Now that you have the capabilities defined, it is time to start identifying leading and trailing metrics to tell you how things are going. Each technical capability tends to have a very small number of key performance metrics—often only one—that reveal how well it is working. For an AI system it might be the accuracy of the results compared to desired results. For a Web service it might be the number of features that have been completed—the portion of the API that has been implemented: agilists call this the feature “burn down”. For a Web or mobile application it might be the burn down for user-facing features.

The set of metrics that matter changes over time. The metrics that you focus on should always reflect what you believe your current constraint is.

An important point is that the set of metrics that matter changes over time. The Theory of Constraints explains this to us: once one constraint is removed, there is another that holds us back from improving. So the metric that you choose to focus on should always reflect what you believe your current constraint is.

Performance metrics are trailing metrics: they tell you what your outcomes are for a process. Ultimately we want performance metrics for how the product does in the marketplace, but right now we are talking about building enough product features to justify getting the product into market testing.

There also need to be leading metrics. They tell you whether you are using your chosen development methods well. Test coverage is a leading metric: it predicts the product quality.

See the subtopic Defining Dashboards.

Systematize the way you did it

Unless your product is a “one-and-done” effort, which is increasingly rare today given that your competitor’s products are continuously improving, you need to turn the process that you used to define the capabilities into a repeatable process.

Who was involved in defining the capabilities? How well did it go? What should you do differently? As the design of the system evolves, are additional capabilities needed? And should you continue to improve each capability – defining new and increasingly aggressive metrics for it?

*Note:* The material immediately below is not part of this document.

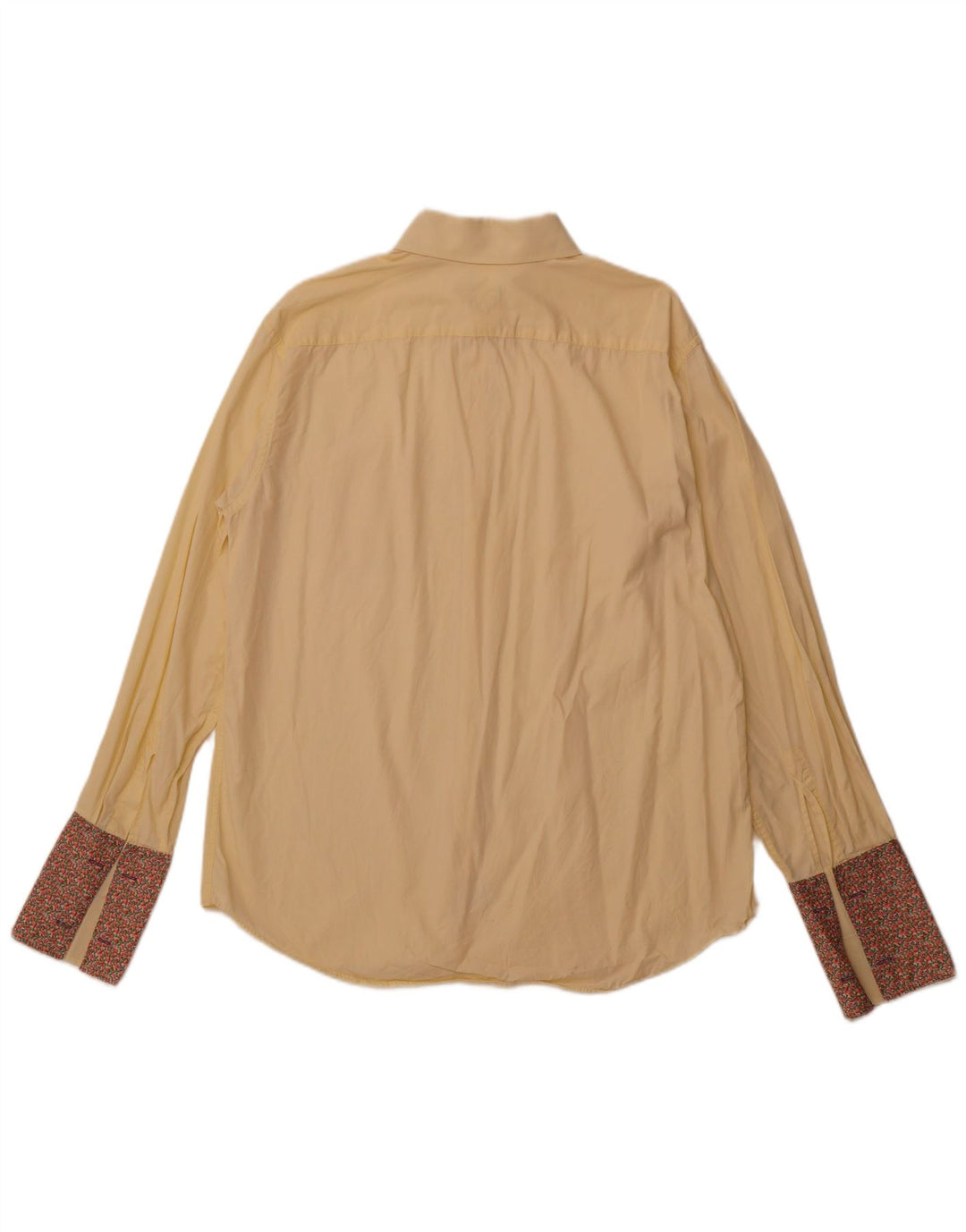 Мужская рубашка PAUL SMITH, размер 17 1/2 44 XL, желтая, хлопок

One issue that arises is the prioritization of the capabilities: if two capabilities are relatively independent of each other, which should you do first? There are many factors that go into such a decision. Some are listed on the right.

Rather than trying to create a formula to take all these largely subjective things into account, we recommend discussing these factors and making a judgment call.*

We also do not recommend a formal process for prioritization. Prioritization needs to be fluid: things change, and those leading an initiative need to be constantly watching key metrics and how well things are going, and be ready to reprioritize at any time. If you try to make this process mechanical or overly analytical, you lose the benefit of the human mind’s incredible ability to generate robust predictions.

People should all know what the priorities are. If they don’t, that is a problem and it indicates that leadership is not being participative (read about participative leadership in Path-Goal Theory) and sharing what their priorities are. If people need to look at an “Agile tool” to find out what the current prioritized capabilities are, then they are not paying attention to the right things.

* One of us actually wrote a textbook that teaches you how to analyze these decisions mathematically, using statistics, “real options” analysis, and simulation, but frankly it is not usually worth the effort unless the capability in question is very large, like a power plant.)

Subtopics

Coming

Some factors to consider when prioritizing a capability:

  • Is the capability important for the next release of the product?

  • Do capabilities that are important for the next product release depend on this capability?

  • Is the capability technically risky?—for example, have your teams used the required technologies before?

  • How certain are you that the capability is actually wanted or needed by the users?

  • How much effort and time are required to create the capability?